Apache Kafka is an event-streaming platform that runs as a cluster of nodes called “brokers.” Initially developed as a messaging queue, you can use Kafka to process and store a massive amount of information. Kafka is extremely fast. We’ve benchmarked Kafka write speeds at 5 million messages/sec on Flasharray. Kafka seamlessly allows applications to publish and consume messages, storing them as records within a “topic.” Kafka allows applications to react to streams of data in real time, provide a reliable message queue for distributed systems, and stream data to IoT and AI/ML applications.
It’s challenging to provide this service at scale in production on Kubernetes. Be sure to carefully consider how to ensure persistence, data protection, security, data mobility, and capacity management for Kafka. Nevertheless, Kubernetes is becoming a standard across organizations for running cloud-native applications. There are many reasons why architecting Kafka on Kubernetes with Portworx can be appealing:
- All major clouds support Kubernetes, so it’s future-proof, enabling portability across many environments, providing flexibility without vendor lock-in.

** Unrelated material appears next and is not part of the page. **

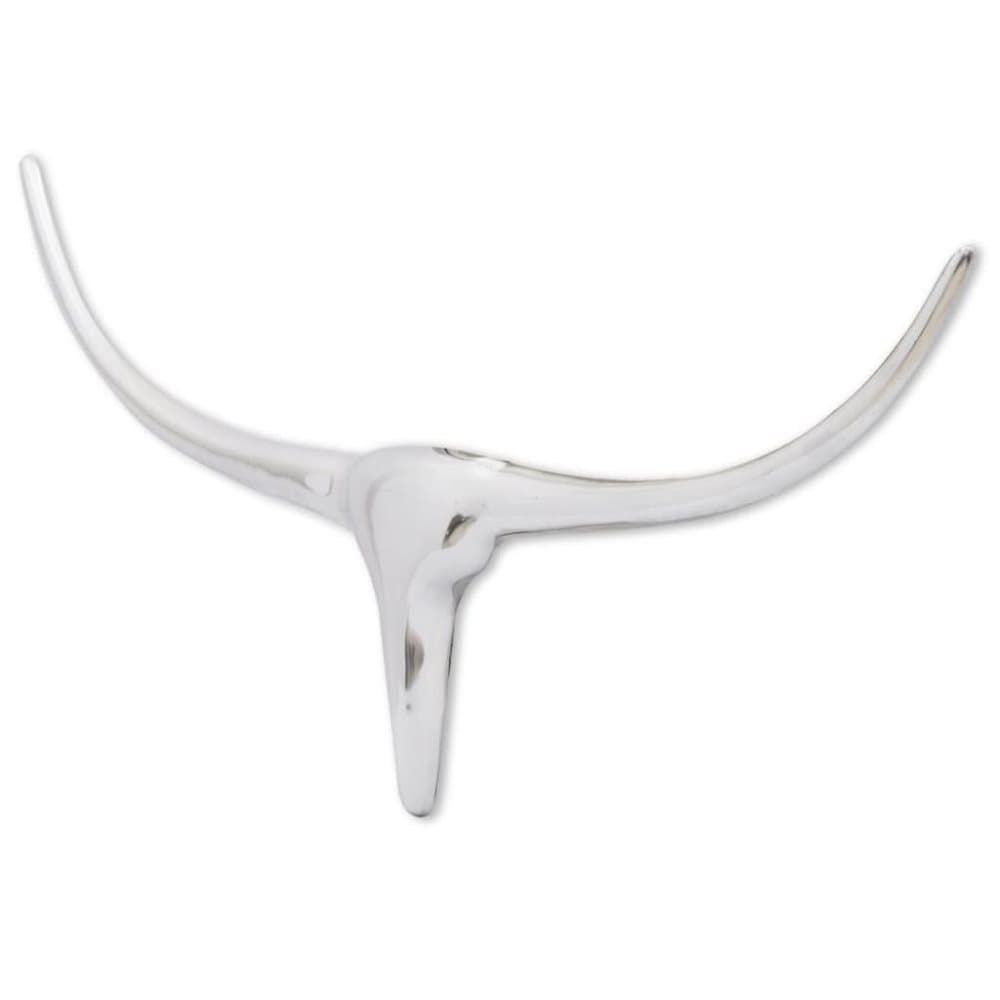 vidaXL Veggmontert aluminium Oksehode dekorasjon Sølv 72 cm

- It can attract new DevOps skill sets for fueling innovation.
- Technology maturation has led to widespread adoption—even in production environments—cementing its place as the de facto leader.
- It provides built-in automation, high availability, rolling updates, role-based access control, and more—right out of the box.

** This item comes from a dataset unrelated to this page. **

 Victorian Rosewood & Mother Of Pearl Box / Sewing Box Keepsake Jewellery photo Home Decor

These are all great reasons to run Kafka on Kubernetes. However, Kubernetes alone doesn’t solve all enterprise obstacles when it comes to cloud-native data management. Kubernetes does provide a pluggable system to allow for dynamic provisioning for stateful workloads, but it doesn’t provide all the capabilities needed to run complex data services in production environments. These include automated capacity management capabilities, data and application disaster recovery, application-aware high availability, migrations, and backup and restore.
This is where Portworx comes in. Portworx is the most complete Kubernetes data services platform. GigaOm called Portworx “the gold standard for cloud-native Kubernetes storage for the enterprise.” With Portworx, you can run data services like Kafka in production at scale with all of the enterprise capabilities mentioned above.
The operational challenges architects could encounter include monitoring and expanding disk space or migrating actual data from production to test. Other challenges may include figuring out how to recover quickly from failure with automated broker recovery or how to provide tenant-based container-granular encryption for Kafka brokers.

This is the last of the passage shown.